The configuration is similar to the Int8 example. The only difference is the value for ``FLASHRL_CONFIG`` in ``examples/flash_rl/.env.0.5b_fp8``. We provide a script for training Qwen2.5-0.5B-Instruct with FP8 rollouts  at :code_link:`examples/flash_rl/run_dapo_gsm8k_flashrl_0.5b_fp8.sh`.


.. _flashrl-config:

What does the ``FLASHRL_CONFIG`` do?
------------------------------------

We use a custom vLLM wheel (in the ``--flashrl`` extra) to apply some patches from FlashRL. 
The ``FLASHRL_CONFIG`` is used to customize vLLM initialization as well as weight syncing behavior. 

For FP8, this is simply a string (``fp8_vllm``) while for Int8, this is a path to a YAML file (either locally, accessible to all nodes in your Ray cluster, or a file path on the HuggingFace Hub). 

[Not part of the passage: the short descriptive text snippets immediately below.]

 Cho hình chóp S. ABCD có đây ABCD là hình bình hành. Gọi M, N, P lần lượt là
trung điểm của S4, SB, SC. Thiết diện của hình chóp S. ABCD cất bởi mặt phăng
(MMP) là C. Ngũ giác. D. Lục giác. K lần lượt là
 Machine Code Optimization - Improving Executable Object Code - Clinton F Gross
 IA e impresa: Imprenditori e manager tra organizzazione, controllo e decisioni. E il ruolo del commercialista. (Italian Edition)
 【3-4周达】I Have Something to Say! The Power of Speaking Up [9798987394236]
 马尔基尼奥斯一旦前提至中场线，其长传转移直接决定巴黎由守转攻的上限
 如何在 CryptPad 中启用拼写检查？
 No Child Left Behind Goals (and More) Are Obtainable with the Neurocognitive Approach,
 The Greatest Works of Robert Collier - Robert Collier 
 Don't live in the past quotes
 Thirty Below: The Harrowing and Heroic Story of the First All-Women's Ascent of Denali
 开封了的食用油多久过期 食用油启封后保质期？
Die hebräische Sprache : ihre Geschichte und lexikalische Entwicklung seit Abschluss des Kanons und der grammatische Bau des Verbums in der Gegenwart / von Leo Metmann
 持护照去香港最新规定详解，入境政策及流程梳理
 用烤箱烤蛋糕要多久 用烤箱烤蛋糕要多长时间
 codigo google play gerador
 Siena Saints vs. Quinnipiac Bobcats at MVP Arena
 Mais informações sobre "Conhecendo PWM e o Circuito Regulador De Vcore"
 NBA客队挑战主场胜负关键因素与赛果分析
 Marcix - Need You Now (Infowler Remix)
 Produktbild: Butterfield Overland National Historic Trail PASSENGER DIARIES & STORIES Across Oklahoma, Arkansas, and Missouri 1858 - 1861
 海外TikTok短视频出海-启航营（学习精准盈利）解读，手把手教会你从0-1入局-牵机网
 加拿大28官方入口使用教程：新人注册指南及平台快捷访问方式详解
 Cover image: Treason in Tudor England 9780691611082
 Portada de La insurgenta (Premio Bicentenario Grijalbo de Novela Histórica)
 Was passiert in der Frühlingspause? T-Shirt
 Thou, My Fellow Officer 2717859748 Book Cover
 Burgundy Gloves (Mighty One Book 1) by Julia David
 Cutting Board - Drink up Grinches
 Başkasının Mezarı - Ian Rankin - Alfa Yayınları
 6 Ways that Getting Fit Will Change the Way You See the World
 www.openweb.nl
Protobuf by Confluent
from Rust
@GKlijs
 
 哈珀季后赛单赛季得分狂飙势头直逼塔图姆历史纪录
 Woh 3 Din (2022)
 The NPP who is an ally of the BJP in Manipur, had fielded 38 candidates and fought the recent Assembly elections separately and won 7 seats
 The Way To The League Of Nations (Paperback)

For Qwen2.5-0.5B-Instruct, the ``FLASHRL_CONFIG`` is ``LiyuanLucasLiu/Qwen2.5-0.5B-Instruct-quantized.w8a8-RedHatAI/flashrl_config.yaml`` which contains the following:

.. code-block:: yaml
    :caption: ``LiyuanLucasLiu/Qwen2.5-0.5B-Instruct-quantized.w8a8-RedHatAI/flashrl_config.yaml``

    configs:
      - distributed_executor_backend: external_launcher # ignored in SkyRL - We use the ray backend for vLLM
        fn: int8 # dictates the quantization type
        load_format: auto
        model: LiyuanLucasLiu/Qwen2-0.5B-Instruct-quantized.w8a8-RedHatAI # custom model path passed to vLLM at init - weights are loaded directly in int8
        profile: LiyuanLucasLiu/Qwen2-0.5B-Instruct-quantized.w8a8-RedHatAI/profile.pt # calibration profile for Qwen's weights, used during weight syncing

While most parameters are self-explanatory, the ``profile`` parameter is used to specify the calibration profile for Qwen's weights. This is used during weight syncing, when the policy model sends weights in half precision (bfloat16) to the inference engine. This profile is used to quantize the weights in bfloat16 to int8 before loading.

.. warning::

   FlashRL integration is experimental. While generation times can improve for large models with quantization, we've observed that the time spent in weight syncing is much higher with FlashRL for FP8. This negates some of the benefits of FP8 inference. The slowdown is primarily due to slow weight quantization in vLLM's ``process_weights_after_loading`` function and we are working on improving this.

   We recommend to use Int8 quantization over FP8 if possible.